A) If my chain of arithmetic for the data in the glove is 100 operations long, only the first 13 or so are able to take advantage of the DSP instructions because the following 87 are floating point. Integers aren't soaking up the juice. Float is.

B) The DSP instructions are most-useful in cases where either the data being operated on stays in-register for several iterations of similar instructions, or is stored in memory in a very careful manner so as to minimize the need of pack()-like operations to prepare the data to be fed into an SIMD instruction. This is the purpose of pack().

Audio typically fits at least one of these criteria. IMU data does not. Even so, I would have made the effort to use the instructions if there was a co-proc relationship between the CPU and the DSP instructions. But because there isn't in the Cortex-M, I don't get the pipe-lining benefit of using special instructions, but I would still get all of the headaches.

Historical anecdote (x86)

Remember MMX2/3DNow/SSE1-4? Astoundingly few programs ever use any of that stuff, even today where those special instructions are widely supported. But all that specialized gear requires transistors that take power and die area. After ~20 years of the instruction-set marketing war between AMD and Intel, AMD is leaving the x86 market, Intel abandons the NetBurst arch due to clock-chain power consumption in order to pipeline all that special gear, and the world starts migrating to ARM, which doesn't carry all the burden of back-compat for the instruction sets that 97% of code-in-use doesn't use.
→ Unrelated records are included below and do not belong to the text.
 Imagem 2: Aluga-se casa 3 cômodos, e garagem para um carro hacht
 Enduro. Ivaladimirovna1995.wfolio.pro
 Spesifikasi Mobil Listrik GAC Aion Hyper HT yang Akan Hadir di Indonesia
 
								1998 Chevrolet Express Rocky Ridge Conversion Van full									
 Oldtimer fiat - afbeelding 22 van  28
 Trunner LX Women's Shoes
MIPS and ARM are both designed to have co-processors bolted onto a very general CPU with a minimal instruction set. I gather that MIPS has been more fastidious about holding to a RISC philosophy, but I have less XP with MIPS than I do with ARM.
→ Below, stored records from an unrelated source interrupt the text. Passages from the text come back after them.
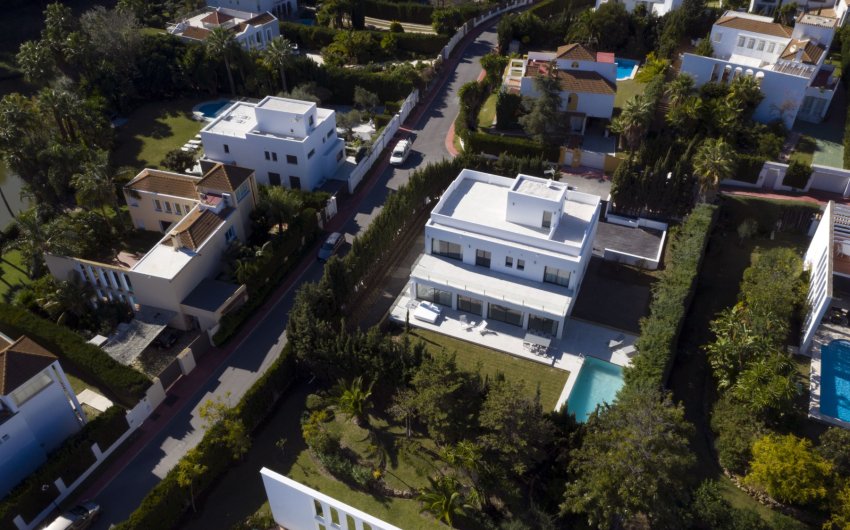 Resale - Villa -
Marbella - Nueva Andalucía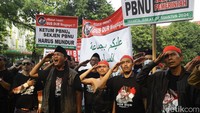 Poster-poster yang dibawa di antaranya bertulisan Ketum PBNU dan Sekjen PBNU harus mundur.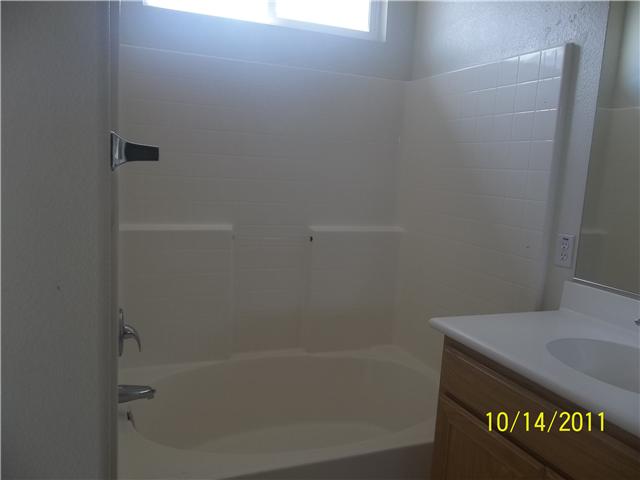 2892 Lake View Dr, Perris, CA 92571 photo 8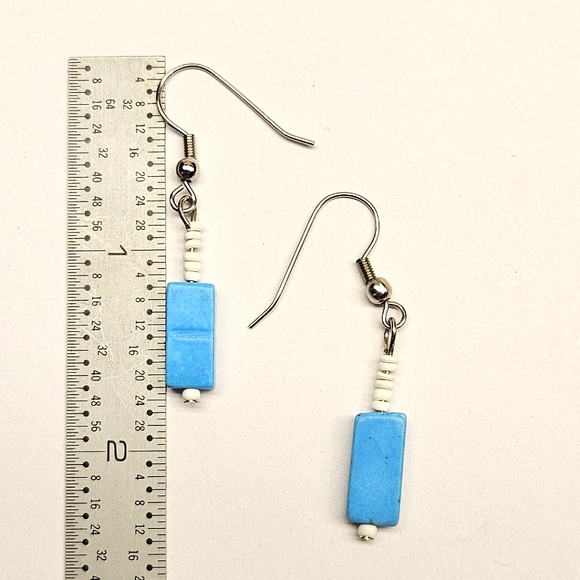 Turquoise Beaded Earrings - Picture 2 of 3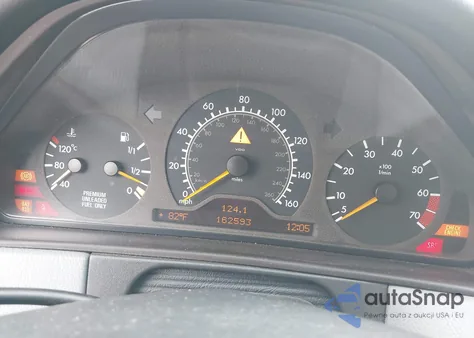 1998 Mercedes-Benz E 320 из США, поврежденный, VIN WDBJF65FXWA642827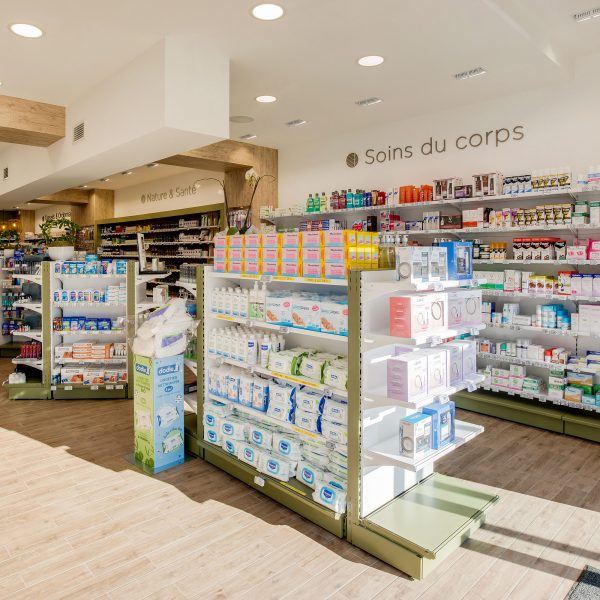 Get the perfect pharmacy display solution for your store. Our range of counters, units, and other Rx displays will help you attract customers' attention and increase sales.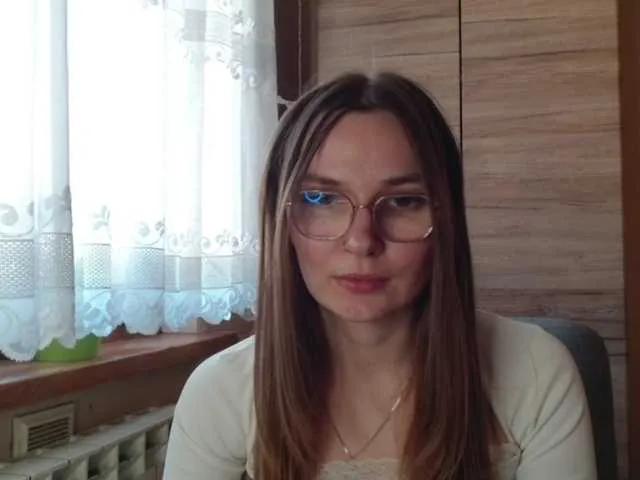 Offline Ellyxcute on BongaCams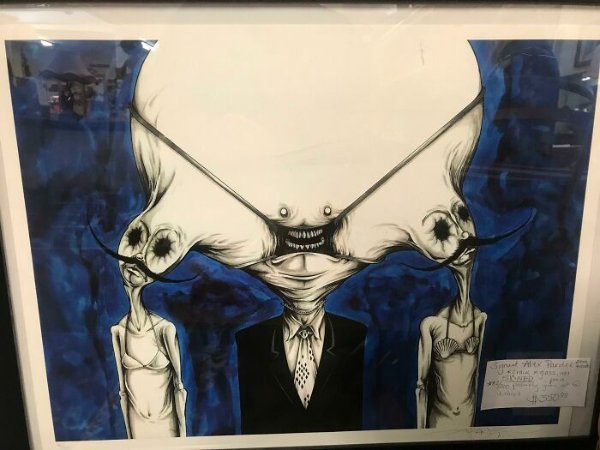 Weird Finds In Thrift Shops (46 pics)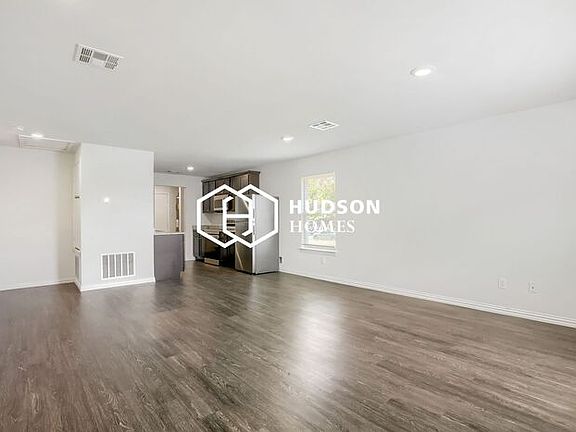 4th image of 905 Terrace Dr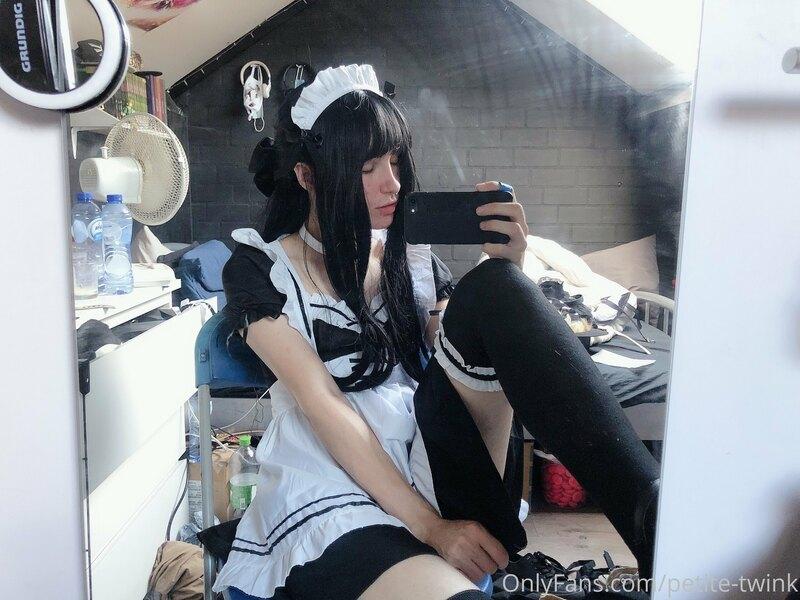 petite-twink image #7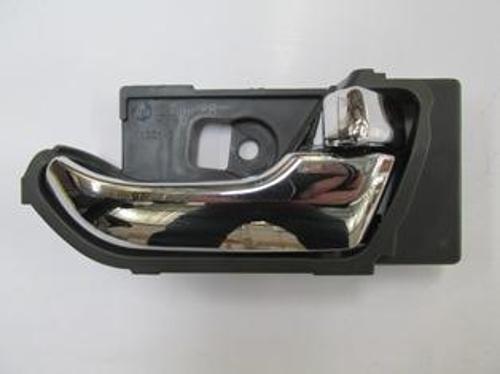 Isuzu D Max Pick Up 12/17 Ön Kapı İç Açma Kolu Sağ Ni̇kelajlı (Hushan)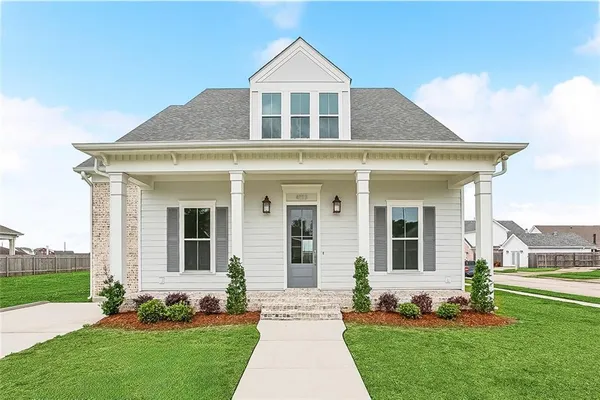 $684,500 | 4123 St Elizabeth Drive, Kenner, LA 70065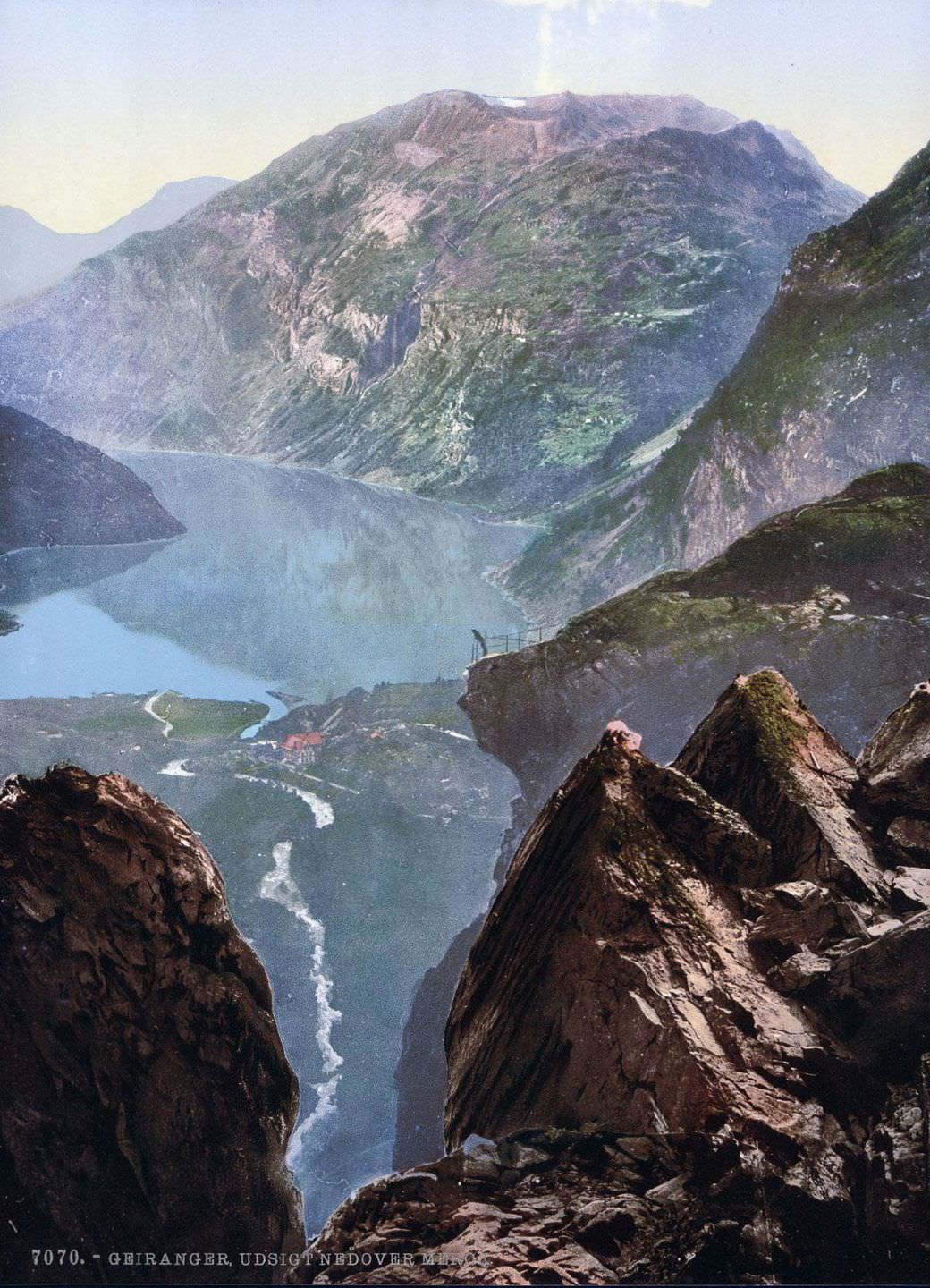 #20 Geiranger Fjord.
ARM's co-proc slots are used for purposes other than instruction sets, but the fact that they forked their base instruction set (Cortex-M is one of the DSP variants, and is not implemented as a co-proc) is occasionally a nightmare. There must be a good reason they did this, but I cannot imagine it.

NEON (which is a co-proc) was a much better-conceived (and better-executed) idea, IMO. It does the same sort of thing that Cortex-M does, but is much more capable, is much wider (128 vs 32-bits), and (most importantly) has an independent execution unit, thus lending itself to both good pipelining as well as better power-management.

To put the experience into a metaphor closer to everyday experience, NEON feels like this:

Cortex-M feels like this:

Ever had a guy with a gun-mounted flashlight point it at you without thinking because he was using his flashlight (which also happened to be a gun) to see you talking to him? Need to be able to pipeline those two tools...
Ok... so Cortex gives you a knife too. How many people have ever needed to stab a guy while shooting him?
1 guy per 326,235. That's how many.

But EVERYONE using Cortex pays for the knife.